Fig. 2.1
Phase transition temperatures of cholesterolpelargonate
The temperature of the transition solid–liquid crystal is called the melting temperature T m . The temperature of the transition liquid crystal–isotropic liquid is called the elucidation temperature T e . The term results from the fact that many crystals in the mesophase are turbid liquids scattering light considerably. The scattering disappears and the melt becomes transparent in transition to the isotropic liquid.
Liotropic liquid crystals are the substances which form the liquid-crystal phase when dissolving them in water or other solvents. As a rule, the phase appears within a strictly certain range of the concentration of the substance being dissolved in the solvent. Potassium n-alconate soap is a typical example of liotropic liquid crystals. Nowadays liotropic liquid crystals are very attractive for researchers. This is due to the fact that liotropic liquid-crystal phases are typical for more materials than thermotropic ones and to a great role of liotropic liquid crystals in biology. Note that myosin being an albumen contained in the contracting substance of the muscular tissue, desoxyribose nucleic acid playing a leading role in the transfer of heritable data, many polypeptides, ferments and other substances of biological origin are capable of forming the liotropic liquid-crystal phase [2, 3]. It is also found that liquid crystals are of great importance in metabolic processes in living organisms.

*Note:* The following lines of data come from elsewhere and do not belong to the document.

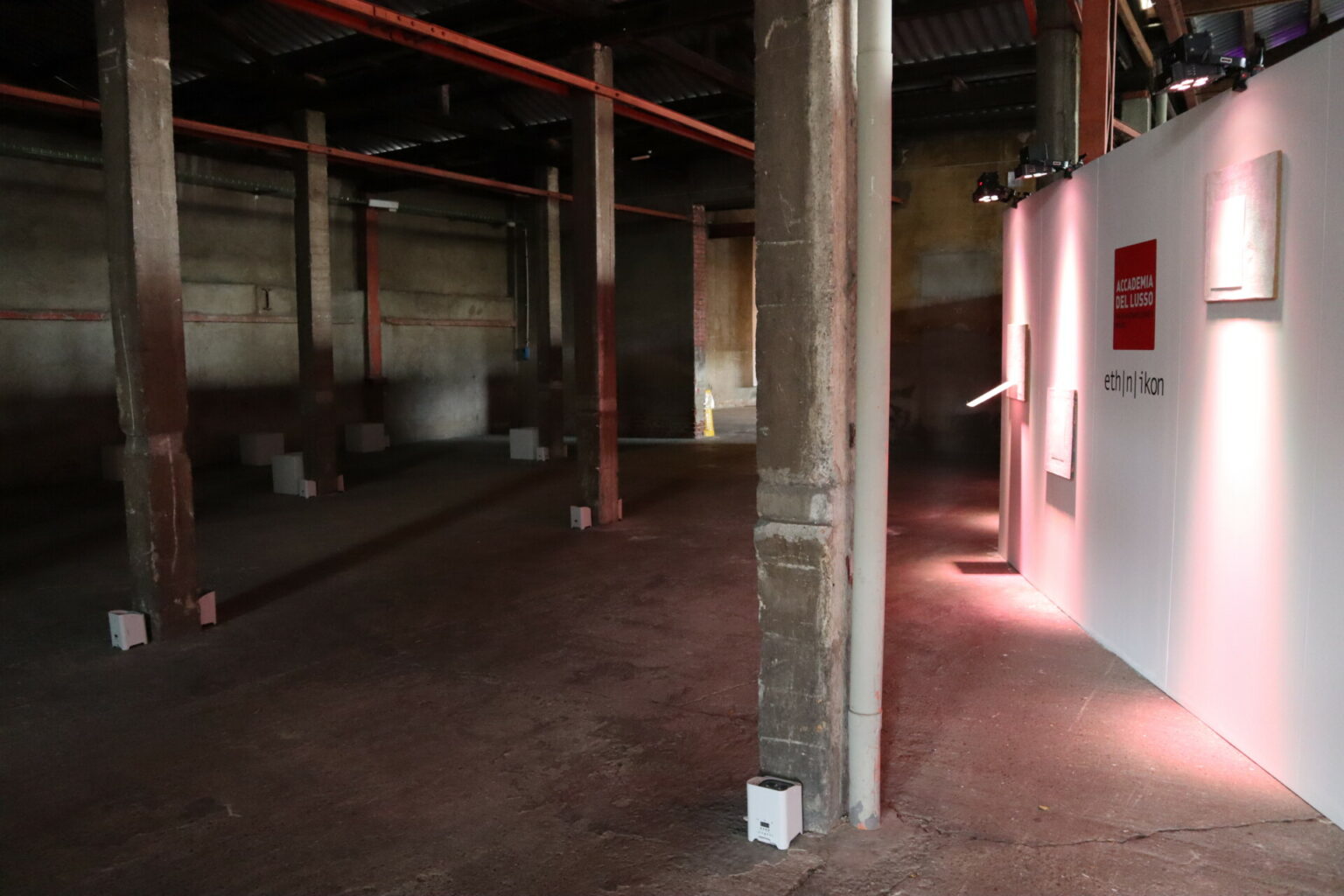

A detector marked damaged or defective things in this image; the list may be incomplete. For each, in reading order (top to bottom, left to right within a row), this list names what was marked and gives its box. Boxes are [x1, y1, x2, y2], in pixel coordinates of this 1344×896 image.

floor crack [892, 811, 1322, 854]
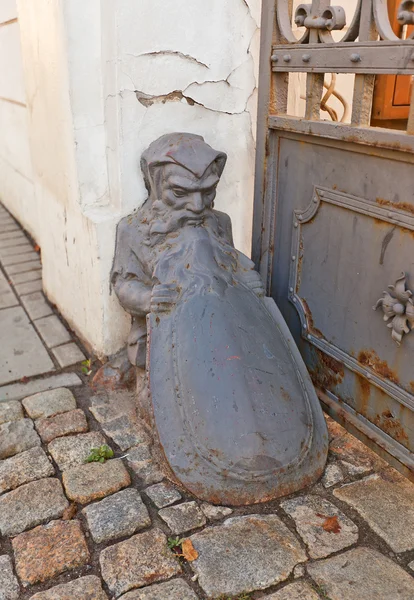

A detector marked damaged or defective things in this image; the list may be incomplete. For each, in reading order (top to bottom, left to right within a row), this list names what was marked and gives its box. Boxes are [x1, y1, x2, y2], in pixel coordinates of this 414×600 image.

rust stain [360, 346, 398, 384]
rust stain [372, 410, 408, 442]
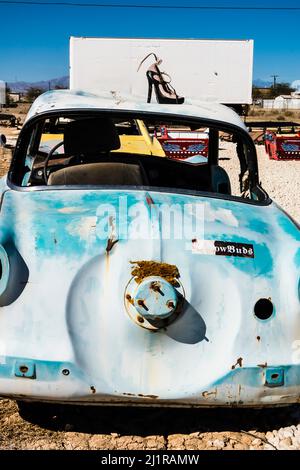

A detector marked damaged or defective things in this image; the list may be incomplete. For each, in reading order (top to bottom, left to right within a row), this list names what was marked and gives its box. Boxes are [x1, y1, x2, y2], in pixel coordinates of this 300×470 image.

rusted blue car [0, 91, 298, 408]
rusty car body [0, 91, 298, 408]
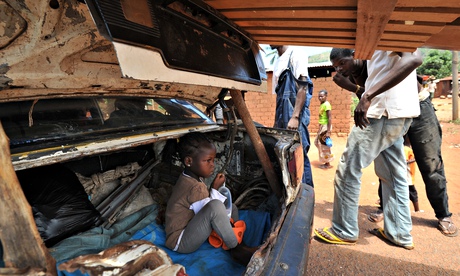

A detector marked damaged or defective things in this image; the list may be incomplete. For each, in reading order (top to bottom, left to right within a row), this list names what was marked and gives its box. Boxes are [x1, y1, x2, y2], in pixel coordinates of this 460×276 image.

wrecked car [0, 0, 312, 276]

Like solid crystals, liquid crystals show the anisotropy of properties which is always closely related to the anisotropy of the matter structure [4]. Apparently, proceeding from this fact German chemist Vorlender supposed that liquid crystals were formed mainly from the organic compounds whose molecules had an elongated cigar-like shape, i.e. shown the anisotropy of the structure. His predictions had come true. It should be noted that earlier Leman assumed the structure of molecules of liquid-crystal substances to be anisotropic.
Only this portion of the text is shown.